I try to execute two process python on 8 worker ray and it returns this message:
ERROR MAIN - Unhandled exception: Task was killed due to the node running low on memory.
How I’m able to resolve this problem?
I try to execute two process python on 8 worker ray and it returns this message:
ERROR MAIN - Unhandled exception: Task was killed due to the node running low on memory.
How I’m able to resolve this problem?
@tonidep Your task most likely was consuming memory, and the OOM monitor likely killed it.
I’m not clear what do you mean by “execute two process python on 8 worker ray.”
Note that tasks are scheduled on a particular node’s worker, which is a Python process. For each core on each Ray node, you will have Python worker processes on which your task is run.
You can look at the Ray Dashboard or you can use the Ray state cli to discover memory.
How I’m able to resolve this problem?
First is to ascertain what task is eating up the memory and why?
Second is if your task needs more memory than the Ray node has than you need node with larger capacity.
cc: @ClarenceNg
Thanks @Jules_Damji
In parallel on cluster I execute two module python. I execute these module from two different pc.
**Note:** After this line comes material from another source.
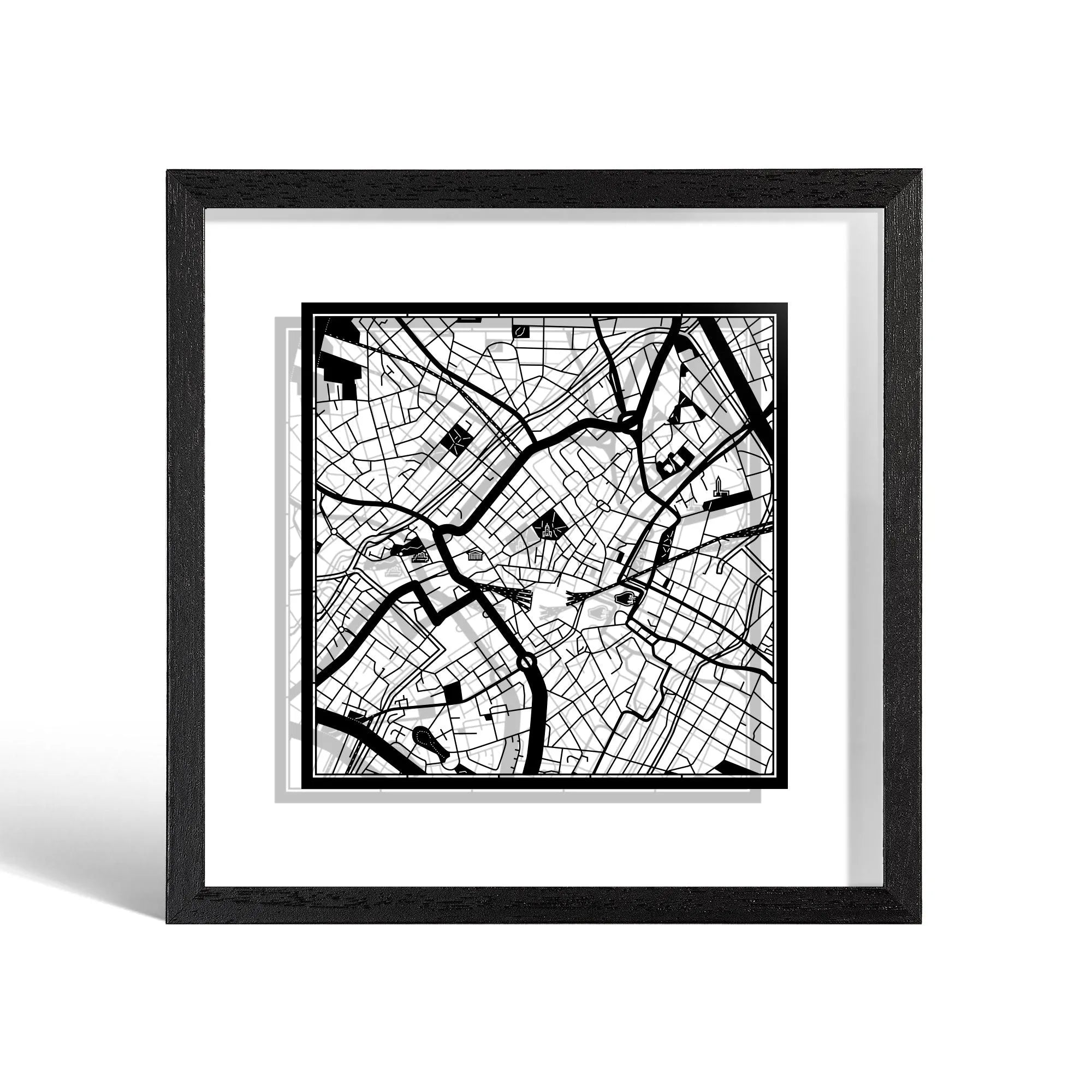 o3designstudio Birmingham Paper cut map framed 9 inch Black map Black frame map art 22MF3046BB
From dashboard ray and into my log the cluster sospend the execution and return the message low on memory. My workers are image of 8G of RAM and 2 core. I have configurate the cluster with 8 workers.
Must I take the image with more memory or can I configure somethings for resolve this problem?
@tonidep I still don’t follow what do you mean by two module python. I execute these module from two different pc."
8GM is a bit low. You probably want each node in the Ray cluster with at least 16-32GB, and probably 8 cores. I run Ray on my m1 with 10 cores and 64GB, and hardly run into OOM unless my jobs have a major memory leak.